This Day in the Civil War

Tuesday, Jan. 7, 1862

For two days the forces of “Stonewall” Jackson had been sitting on the Virginia side of the Potomac River, lobbing shells at the town of Hancock on the Maryland side of the waterway. Despite this firepower, the town declined to surrender, and Stonewall decided January was not a good time to try an invasion of what was still technically Northern territory. Therefore today the bombardment was discontinued and the Confederates headed on towards the town of Romney in what is now West Virginia. Unfortunately, a heavy ice storm, not uncommon in the mountains this time of year, developed and made even walking difficult. An unexpected skirmish at Hanging Rock Pass complicated matters further.

Wednesday, January 7 1863

The newspapers of the Confederacy were as varied as those of the Northern states, much more a reflection of the opinions and personalities of their owners than is commonly the case today. They were frequently as critical of the policies and politics of the South as the Northern papers were. There was one issue, though, where there was unanimity of opinion, and it was a contest to see who could be loudest in denunciation of the Emancipation Proclamation that had been announced in Washington. The Richmond “Enquirer” was typical in its views: the proclamation was "the most startling political crime, and the most stupid political blunder, yet known in American history...Southern people have now only to choose between victory and death." Those who feel that slavery was a minor issue which would have soon faded out of Southern society without the need for war, may wish to reconsider.

Thursday January 7 1864

Yesterday Jefferson Davis had commuted the death sentence of a young private from Virginia. Today, although he could not have known of Davis’ gesture, Abraham Lincoln also set aside the ruling of a court-martial that a deserter be put to death, as military regulations prescribed. When asked for a reason, he could only reply wearily “because I am trying to evade the butchering business lately.” Under the regulations, all court-martial sentences of death had to be reviewed by the Commander in Chief, and Lincoln was notorious for commuting death sentences to terms of imprisonment, particularly in cases of desertion, most particularly if the offender was young. This infuriated many of Lincoln’s generals, who felt that the gesture undermined disciplinary efforts.

Friday Jan. 7 1865

In the early days of the War, the Union armies were infested with large numbers of “political generals”, men who had little or no military training or background, but nonetheless were given high rank to solidify support for the war effort from particular cities or ethnic groups. Benjamin Butler had been one of this group, after his Massachusetts militia had lifted a near-siege of secessionists around Washington in the first days after Ft. Sumter. Through a combination of talents for management and administration of occupied territories, he had hung on to general’s rank after most of his peers had been killed, cashiered, or convinced to leave for the good of their troops.

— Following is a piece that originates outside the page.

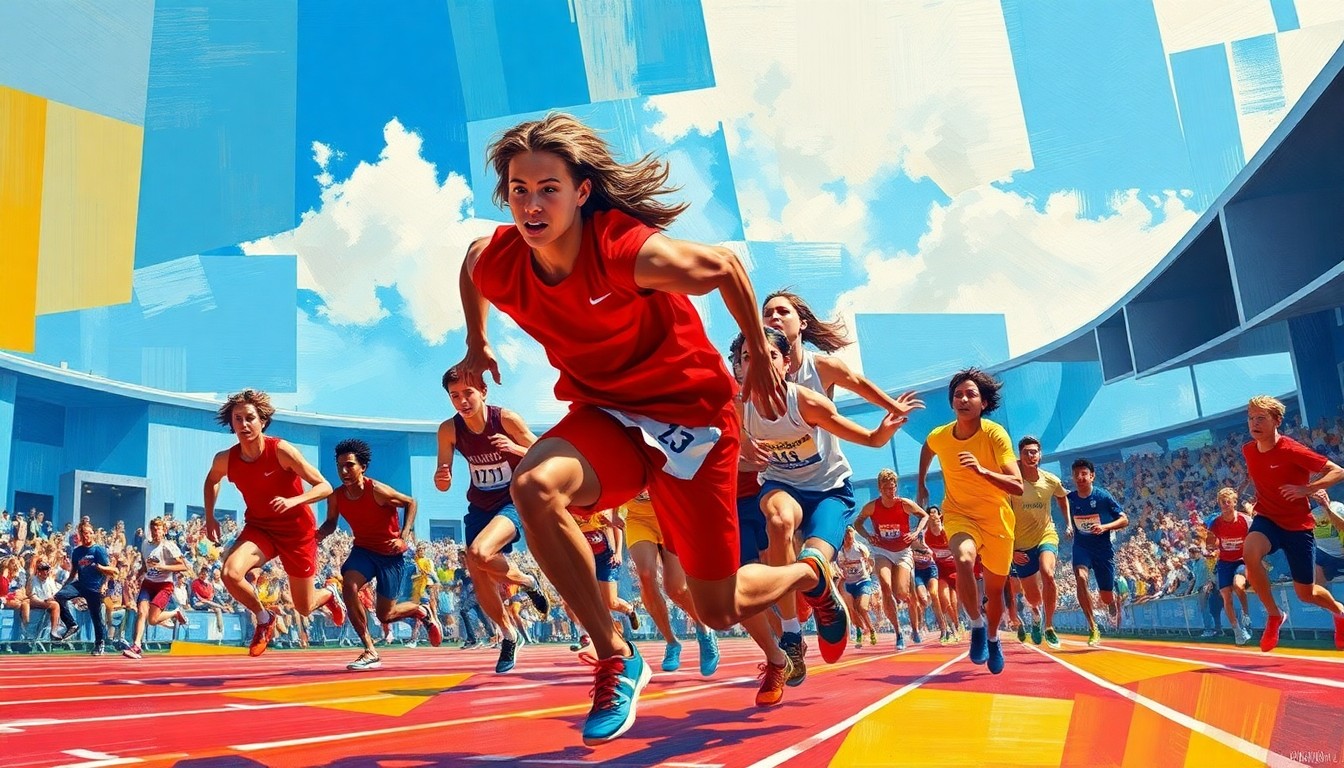 A fragmented, geometric painting in bold primary colors depicting the overlapping movements and perspectives of a high school track and field event.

In fact, although he had started as “general of volunteer militia”, the vagaries of war had left him second in line to U.S. Grant himself, should Grant come to grief in the lines of Petersburg. Butler’s last mission, the attack on Ft. Fisher, North Carolina, had been so badly botched that the howls for his ouster were coming from all quarters. Lincoln, acting on written request of Grant, today officially removed him from the seniority list, and his days of active command were over.